For the combined analysis of 16 structurally and chemically diverse DNA adducts, we optimized a method for the posthydrolytic enrichment and the chromatographic separation of the analytes. In the pulmonary DNA of ten lung cancer patients, we detected high levels of adducts of lipid peroxidation products (1,N6-εdA, 3,N4-εdC), of the secondary plant metabolite methyleugenol (N6-MIE-dA, N2-MIE-dG), and of the food contaminant furfuryl alcohol (N6-MF-dA, N2-MF-dG). In contrast, adducts of common environmental carcinogens that are also present in tobacco smoke, e.g., benzo[a]pyrene, 4-aminobiphenyl, and 1-methylpyrene, were not detectable. In some previous studies, adducts of benzo[a]pyrene were detected in human lung by HPLC and fluorescence detection,[51] and one work reported the presence of C8-ABP-dG in 25 samples of human pulmonary tissue by immunochemistry and 32P-postlabeling.[52] Recently, the data were questioned due to the low specificity of the detection methods.[10,12] In agreement with the current work, no reports were published hitherto on the specific LC-MS/MS detection of DNA adducts of the common carcinogens included here, especially those of benzo[a]pyrene, 1-methylpyrene, PhIP, and 4-aminobiphenyl, in specimens of human pulmonary DNA.

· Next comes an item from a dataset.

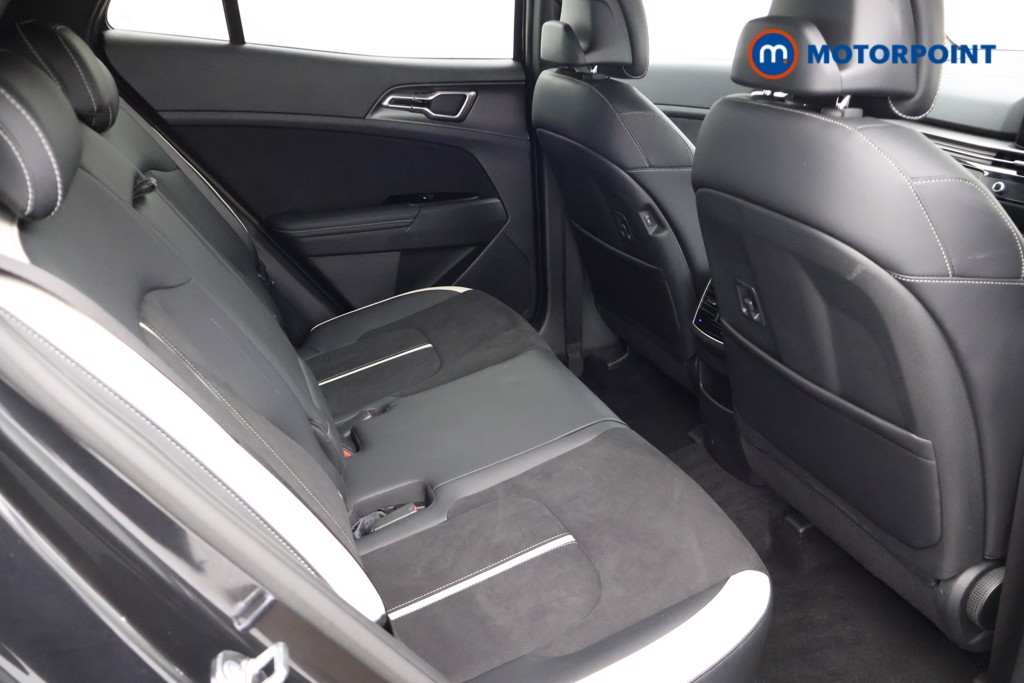 KIA Sportage Gt-Line Automatic Petrol SUV - Stock Number (1674311) - 24th supplementary image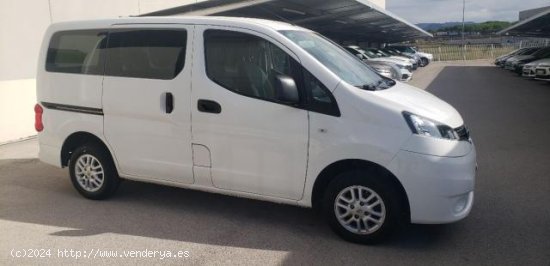 NISSAN NV200 en venta en Santpedor (Barcelona) - Santpedor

In part, the results can be explained by the large variation in human intake amounts. The use of furfuryl alcohol as a flavoring agent alone leads to a possible average daily intake of 1.3 μmol/kg body weight.[53] The estimated average daily intake of methyleugenol is 56.1 nmol/kg body weight,[54] which exceeds the average daily doses of benzo[a]pyrene (31.7 pmol/kg body weight)[55] and PhIP (26.8 pmol/kg body weight)[56] by factors of 1700 and 2100, respectively. Other parameters may greatly influence the tissue concentration of a particular DNA adduct, e.g., the toxicokinetic properties of the genotoxicant, the transport of metabolites, the reactivity of the ultimate carcinogen, and the DNA repair. In view of the current results, it is interesting to note that the estimated carcinogenic hazard of methyleugenol (defined by the margin between the daily human intake and the lowest dose that induced a specific tumor in an animal model) is about 25-fold and 100-fold greater than the hazards of benzo[a]pyrene and PhIP, respectively.[57] However, the mutagenic potency and the persistence of DNA adducts of different substances may vary greatly,[1] and thus, the current results do not allow speculations on the carcinogenic effect of one of the substances in the lung. Future work is aimed at the DNA adduct monitoring in a larger library of specimens from healthy individuals and tumor patients, for which data on diet and smoking history are available.